## [PROBLEM TO SOLVE]
Transcribe only the lines of the listing below from the one holding "Trinity scraps condo" through the one holding "codoforum admin ban user", inclusive, without any change.

## [DATA EXCERPTS]
________________

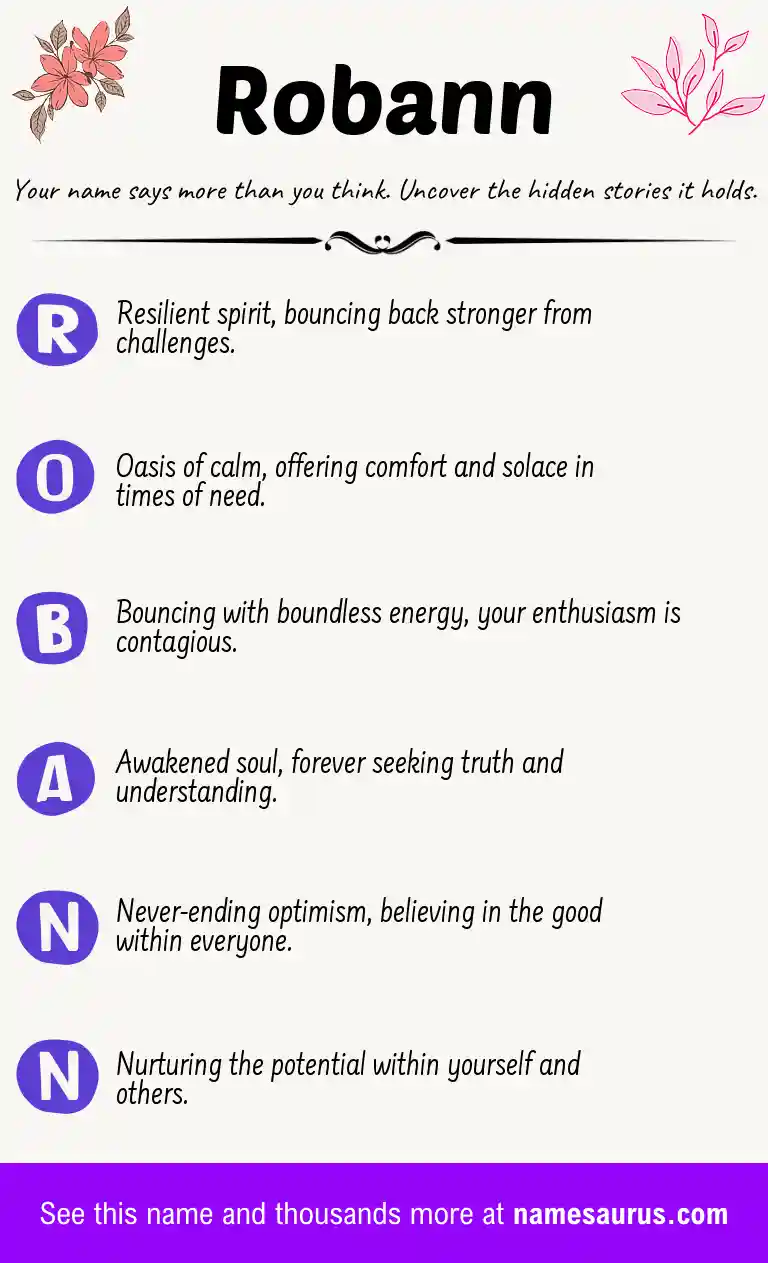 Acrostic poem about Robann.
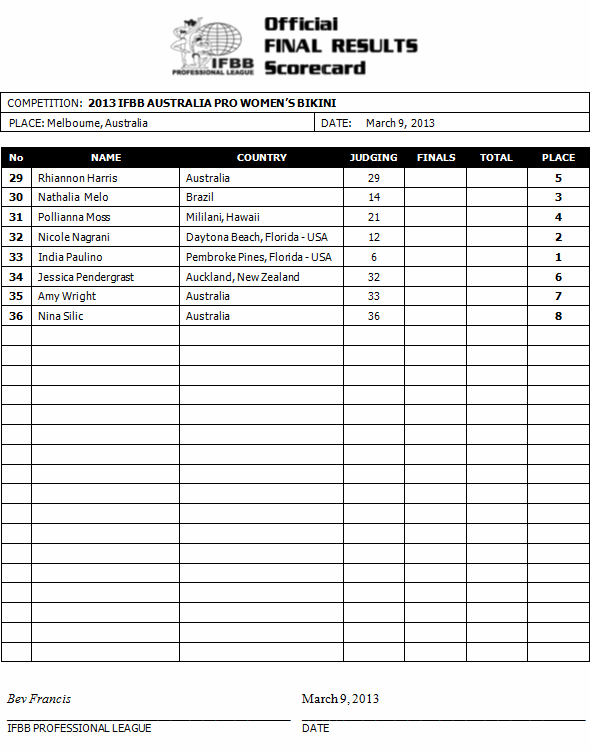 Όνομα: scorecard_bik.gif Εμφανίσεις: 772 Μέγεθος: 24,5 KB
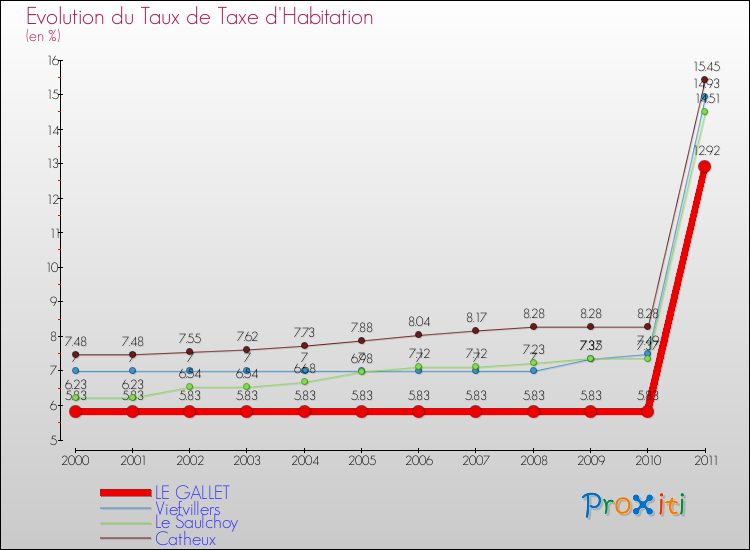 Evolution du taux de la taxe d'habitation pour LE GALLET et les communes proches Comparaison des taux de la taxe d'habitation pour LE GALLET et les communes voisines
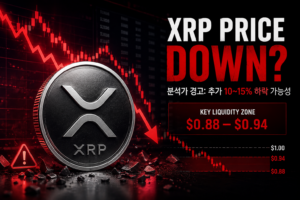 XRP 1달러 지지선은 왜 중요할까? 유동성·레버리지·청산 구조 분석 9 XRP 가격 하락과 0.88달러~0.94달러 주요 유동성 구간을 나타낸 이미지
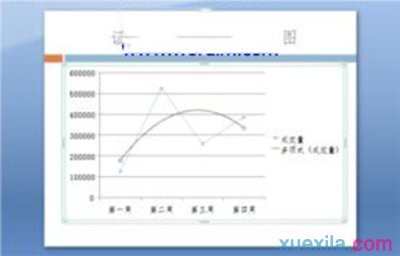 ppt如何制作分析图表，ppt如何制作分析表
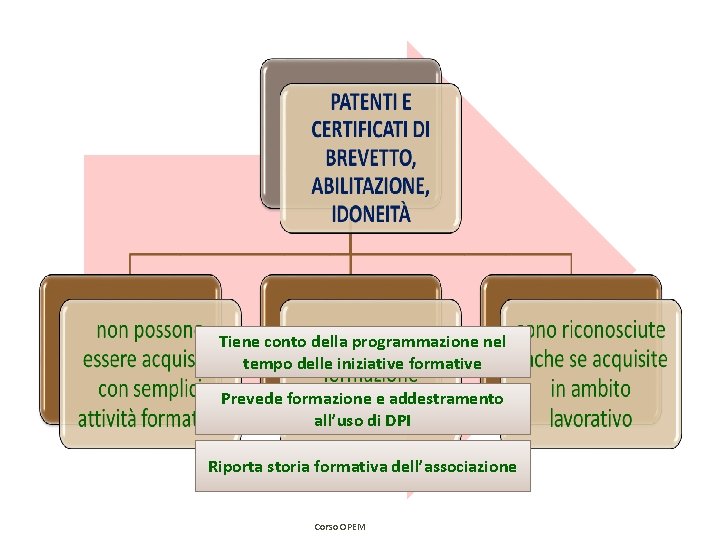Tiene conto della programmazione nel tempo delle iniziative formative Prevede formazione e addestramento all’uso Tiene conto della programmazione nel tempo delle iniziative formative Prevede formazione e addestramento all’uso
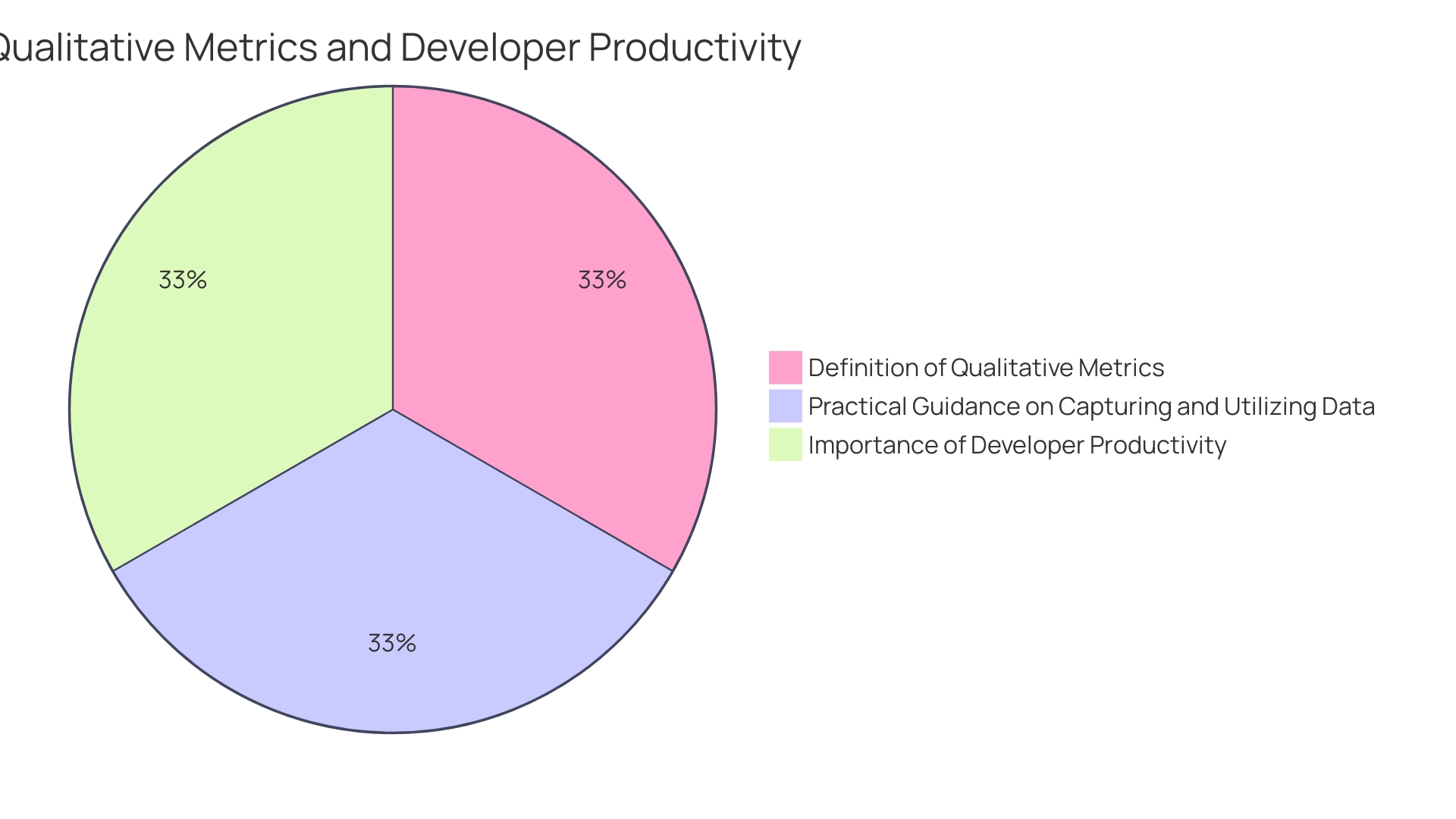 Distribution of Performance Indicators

________________

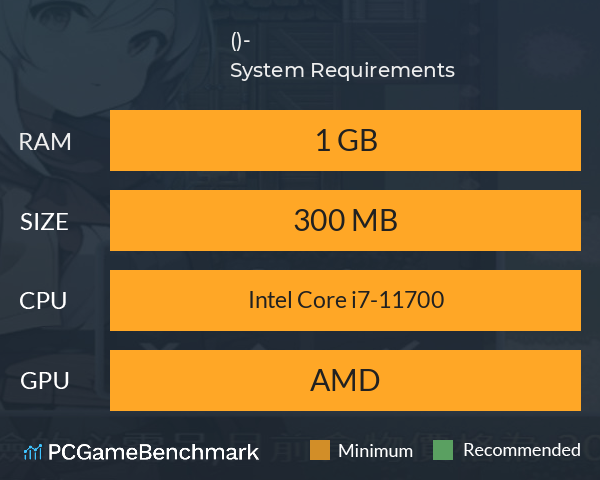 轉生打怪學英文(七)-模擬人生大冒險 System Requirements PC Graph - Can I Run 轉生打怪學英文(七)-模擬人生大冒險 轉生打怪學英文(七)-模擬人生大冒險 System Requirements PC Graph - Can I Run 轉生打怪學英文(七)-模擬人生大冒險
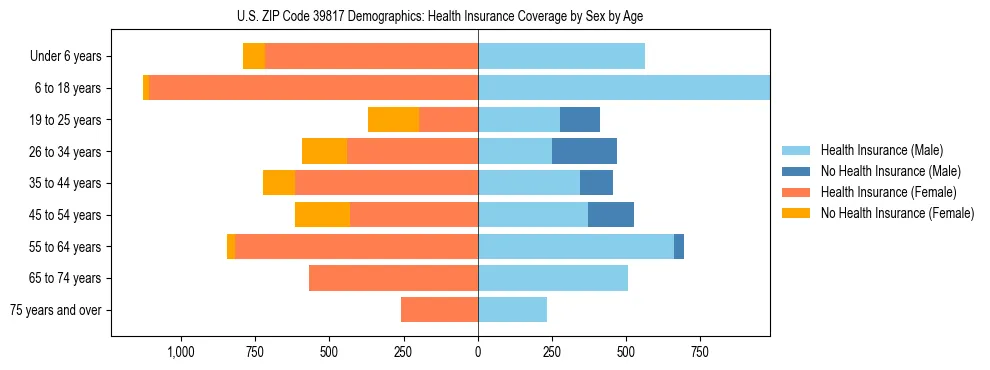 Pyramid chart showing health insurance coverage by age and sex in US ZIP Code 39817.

________________

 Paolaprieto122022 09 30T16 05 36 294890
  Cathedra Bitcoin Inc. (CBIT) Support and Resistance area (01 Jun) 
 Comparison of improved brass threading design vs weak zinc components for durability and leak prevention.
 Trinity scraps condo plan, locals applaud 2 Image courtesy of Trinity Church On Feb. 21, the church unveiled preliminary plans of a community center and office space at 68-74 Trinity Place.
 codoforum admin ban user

________________

## [OUTPUT]
 Trinity scraps condo plan, locals applaud 2 Image courtesy of Trinity Church On Feb. 21, the church unveiled preliminary plans of a community center and office space at 68-74 Trinity Place.
 codoforum admin ban user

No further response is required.